9位の「刺さる」。従来は「先輩の忠告が胸に刺さる」というように、「胸に」「心に」をつけるのが一般的でした。ところが、「女の子の大人びた表現が刺さった」のように、単に「刺さる」と言う例が出てきました。
『三省堂現代新国語辞典』風
ささ・る【刺さる】〈自動五段〉 ①先のとがったものが、ほかのものの中にくいこむ。「とげが―」②強い刺激(しげき)をあたえる。「その一言が胸に刺さった」③深く納得したり、共感したりできる。
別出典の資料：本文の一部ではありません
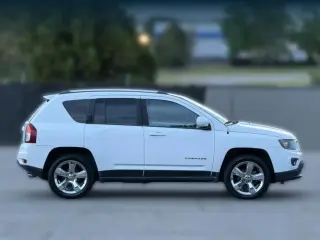 Jeep Compass 2014 4x4 Limited 4dr SUV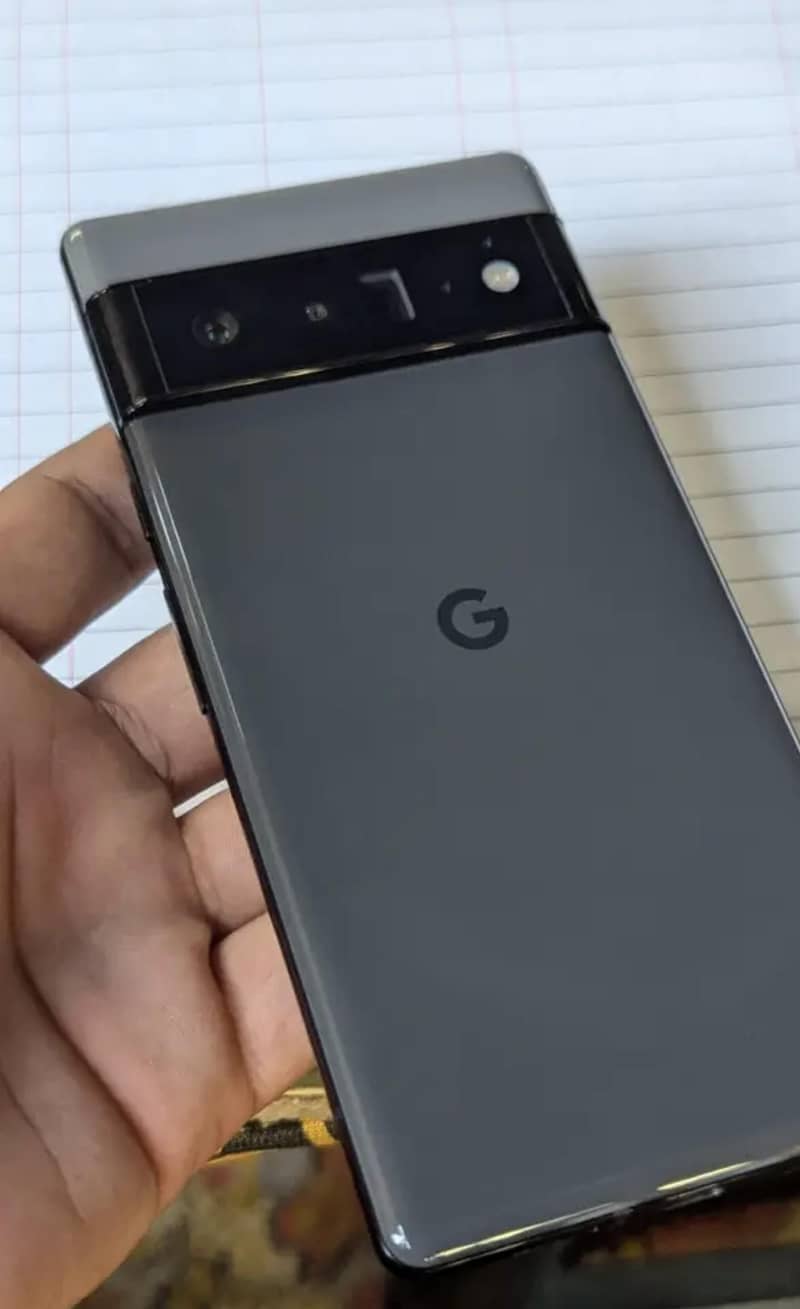 Google Pixel 6 Pro 1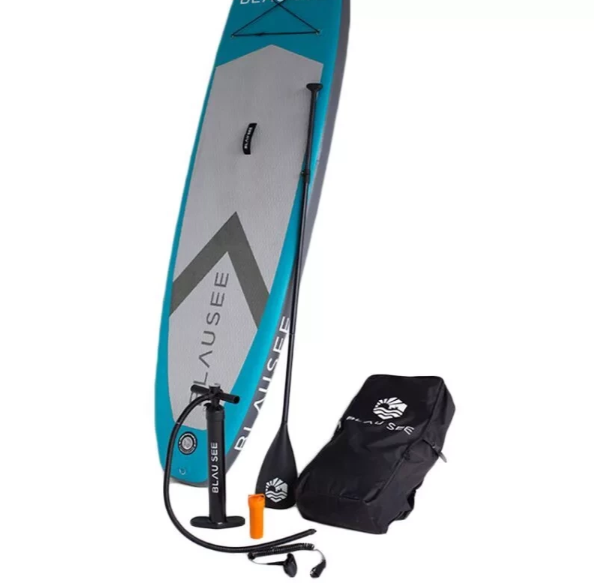 НАДУВНОЙ SUP-BOARD BUSINESS LIGHT BLUE 10 в Муроме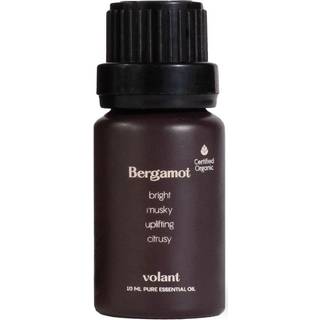 Æterisk Olie, Bergamot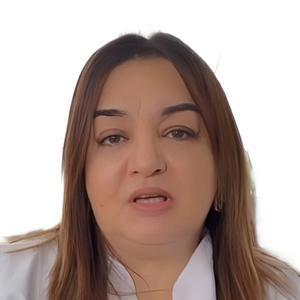 Ибрагимова Мехрибан , педиатр - Баку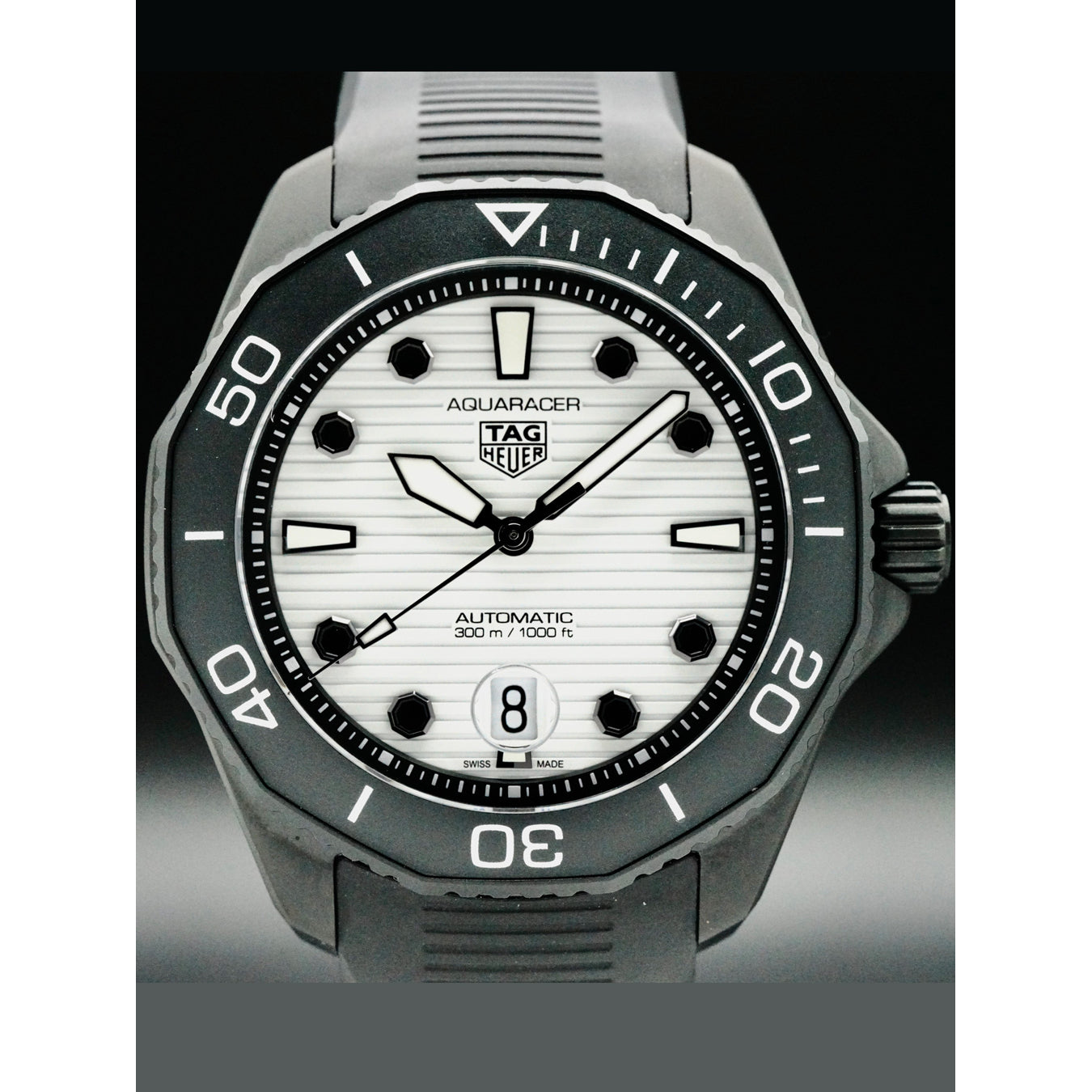 Tag Heuer WBPZ01D Aquaracer Professional 300M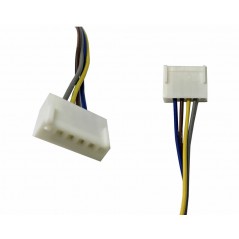 Adapter ATX 24-pin na 2x 6-pin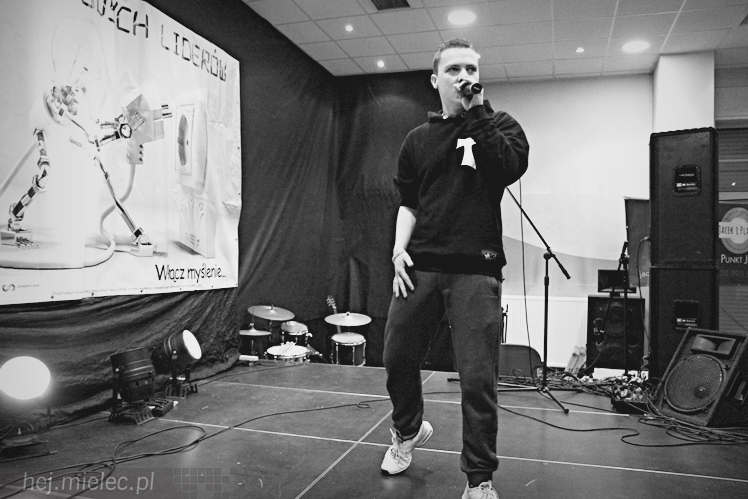 Świąteczny Koncert Charytatywny na rzecz OREW w Mielcu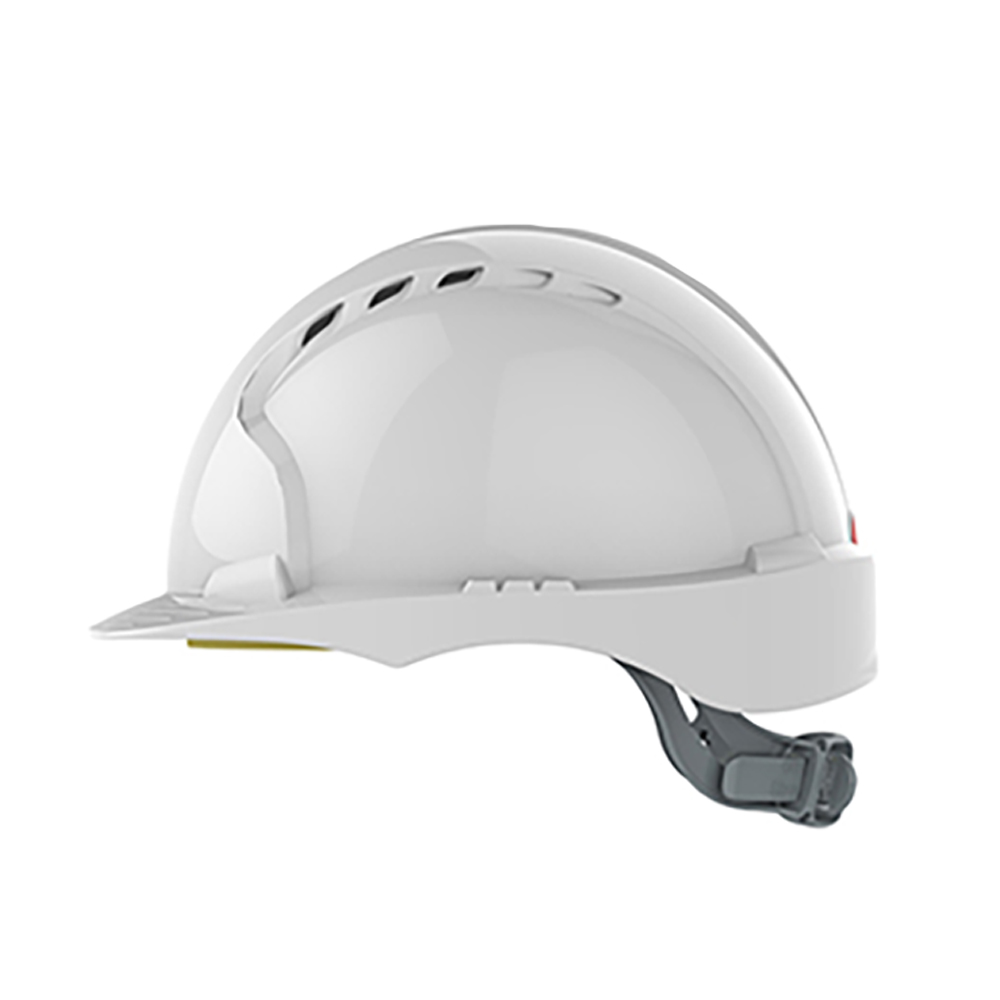 White Basic Safety Helmet (HP5511)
「━キャッチコピー」「なんも刺さらない答辞」[用法]①②が、傷つけるものであるのに対して、③は、感動したり、自分にとってよいと思えるものについて言う。
意味も変わっています。従来は、そのことばを受けた人が心を痛めたり、反省したりする場合に使いました。それが、「刺さるキャッチコピー」のように、強い印象を受け、感心したり感動したりする場面にも使うようになっています。
選考委員が「刺さる」の変化に最初に気づいたのは2011年のことでした。今は新用法がいっそうよく目につくようになりました。
10位の「斜め上」。「予想の斜め上を行く」などと使います。「予想外」「想定外」の状況のことか、と思っていましたが、どうも少し違うらしい。
『三省堂国語辞典』風
ななめ うえ[斜め上](名)①ななめに ずれた、上がわ。「右━」(⇔斜め下)②〔俗〕それまでの流れからは考えられないこと。「予想の━を行く展開・━の反応」
「テストで70点取れると思っていたら100点取れた」というのは「斜め上」ではありません。程度の違いだけではだめなんですね。たとえば「70点取れるかと思っていたら、出題範囲に誤りがあってテストそのものがやり直しになった」みたいなのが「斜め上」に相当するでしょう。言い換えれば、思わず「そっちか!(そう来たか)」と言いたくなるような状況です。
発祥は、冨樫義博さんの1990年代の漫画「レベルE」からとも言われます。だとすると、生まれてから年数を経たことばです。ただ、一般化したのは比較的最近です。選考委員の一人は、この用法自体は前から知っていましたが、正確な意味がもうひとつよく分かりませんでした。今年に入り、いろいろな例に接するようになって、ようやく意味がつかめました。